A passing run confirms the guard and the per-job isolation:

$ npx vitest run async-tenant
 ✓ handler refuses a payload with no tenant (4 ms)
 ✓ concurrent jobs see their own tenant (2 ms)

 Test Files  1 passed (1)
      Tests  2 passed (2)

Failure Modes & Gotchas

Tenant inferred from a worker global. Symptom: a job writes rows under the wrong tenant under concurrency. Root cause: the worker reads a module-level "current tenant" instead of the payload. Fix: bind from job.data.tenantId per job and ban any worker-scoped tenant variable.
Silent default tenant fallback. Symptom: rows land under a system or default tenant nobody owns. Root cause: the accessor returns a fallback when context is empty. Fix: make getCurrentTenantId() throw and let the job dead-letter.
Lost context across await. Symptom: queries after the first await see no tenant. Root cause: the handler escaped the AsyncLocalStorage.run scope or used a callback API that breaks the async chain. Fix: keep all work inside the run callback and avoid bare event-emitter callbacks.
Tenant deleted before the job runs. Symptom: a delayed job processes a tenant that has been offboarded. Root cause: no liveness check on dequeue. Fix: verify the tenant still exists and is active before executing, and discard the job if not.

FAQ

Why not look up the tenant from the entity ID inside the worker? Because the lookup is itself a tenant-scoped query, and you have no trusted tenant to scope it with — so it runs unscoped and can return any tenant's row. Carrying tenantId in the payload keeps the boundary explicit and lets the data layer enforce it from the first query.

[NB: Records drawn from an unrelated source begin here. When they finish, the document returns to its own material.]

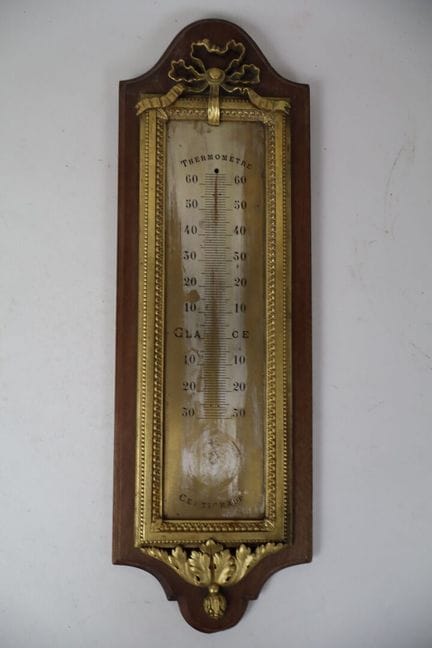 Barometro in legno e bronzo dorato, decorato con u
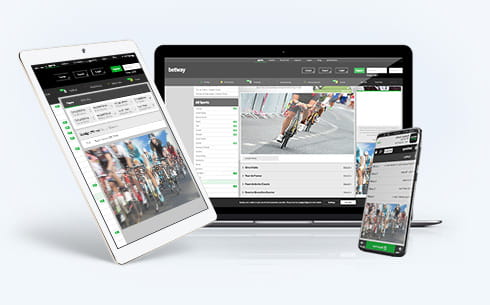 Ein Laptop, ein Tablet und ein Smartphone mit Wetten zur Tour de France.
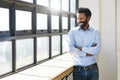 Window, lens flare and a business man arms crossed in the office with a smile or mindset of future success. Happy Royalty Free Stock Photo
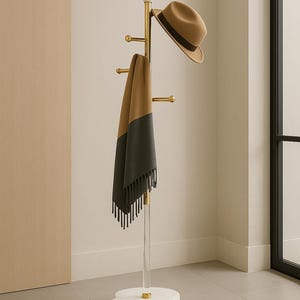 May include: A modern coat rack with a clear acrylic pole and a white marble base. It features brass hooks, a tan fedora hat, and a two-tone scarf in tan and dark green. The rack is in a neutral-toned room.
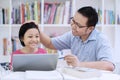 Smart schoolgirl praised by her teacher Royalty Free Stock Photo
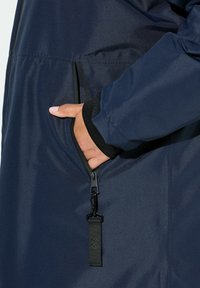 Chaqueta impermeable de color azul marino con un bolsillo lateral con cremallera, puños elásticos y una tela lisa y texturizada. El tirador de la cremallera tiene una etiqueta de tela.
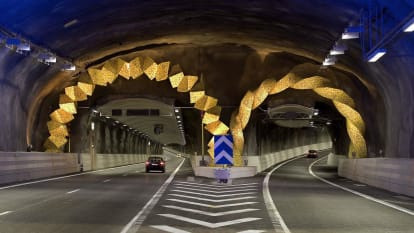 Inuti Södra Länken, Stockholm. Sprutbetongtäckta tunnelväggar lyses upp i blått, med dekoration där avfarten svänger från huvudvägen.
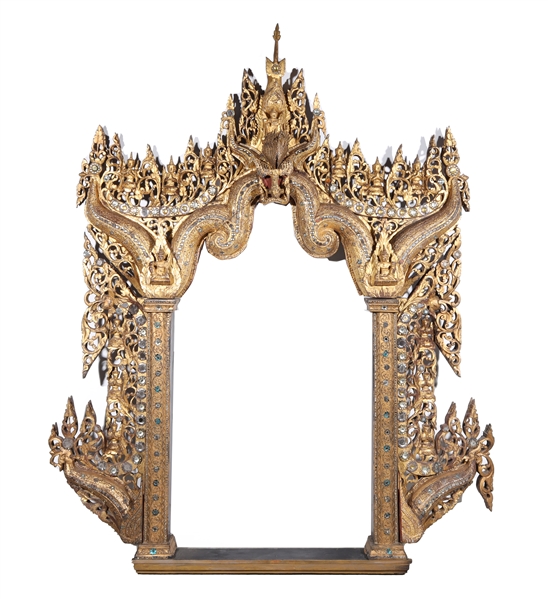 Appraisal: South-east Asian gilded arch frame with openwork detail mounted figures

Should the tenant ID also go in message headers or metadata? Putting it in the validated body is sufficient and keeps it inside your schema check. Adding it to a header or metadata field is useful for routing, partitioning, and observability, but the body remains the source of truth the handler re-validates.

How do retries and dead-letter queues interact with tenant context? The original payload, including tenantId, is preserved across retries, so each attempt re-binds the same tenant. A job that fails validation should go straight to the dead-letter queue with the tenant recorded, so an operator can triage it without it ever executing unscoped.